Room: AAPM ePoster Library
Purpose: To demonstrate the utility of an artificial neural network (ANN) to predict MLC and gantry position errors occurring during VMAT delivery. Sculpted dose distributions characteristic of VMAT often require extensive fluence modulation and, thus, precise control over machine parameters is essential for accurate treatment delivery. Predictive models may facilitate the generation of treatment plans robust to errors in gantry and MLC leaf positions.
Methods: Errors in gantry and MLC leaf position were predicted using two separate ANN models: a gantry model composed of five hidden layers and a MLC model of three; both models utilizing 100 nodes/layer. Gantry and MLC leaf positions were predicted based on features characterizing position and velocity of each. Data from 18 VMAT trajectory files representing various treatment sites were used to train and validate (90%/10%) the ANN model with 10 additional files serving as the test set. Model error was assessed by comparing predicted values with values recorded in trajectory files. This error was compared with the error resulting from differences between treatment plan-derived and machine-reported component positioning.

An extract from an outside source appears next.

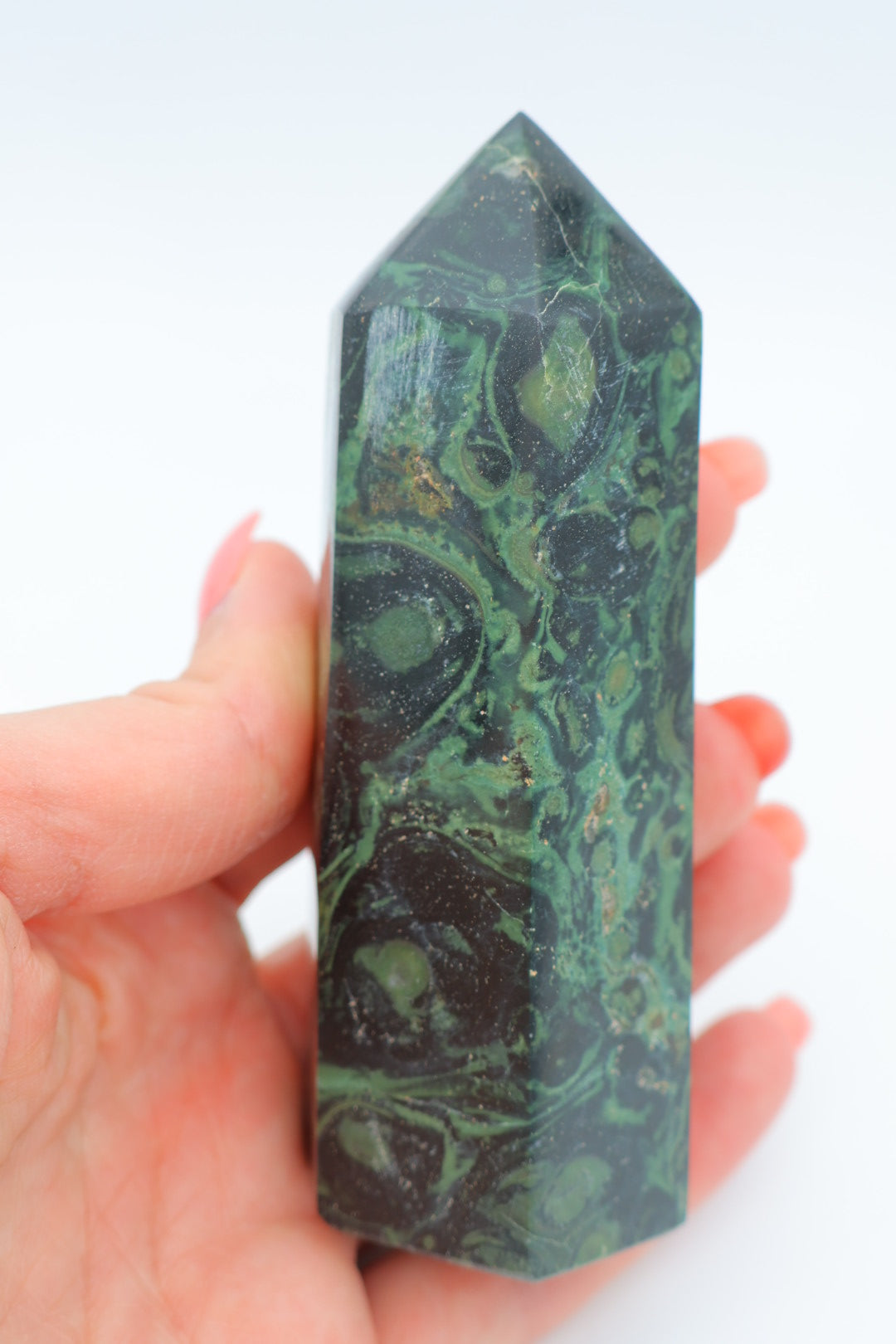 Kambaba Jaspis toren 9.218 kg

Results: Across the test set, the average root-mean-square error (RMSE) for predicting MLC positional errors was 0.006 mm (0.004-0.012 mm) using the ANN model compared to 0.032 mm (0.014-0.038 mm) using treatment planning values. The average RMSE for predicting gantry positional errors was 0.017° (0.008-0.026°) using the model compared to 0.048° (0.038-0.061°) with the plan.
Conclusion: MLC and gantry positions reported by trajectory files were closer to the positions predicted by our models than to those expected according to the plan. Predicting MLC and gantry positions allow for preemptive assessment of treatment plan deliverability. This approach may be used to develop robust treatment plans as well as to develop meaningful plan-specific and periodic machine quality assurance assessments.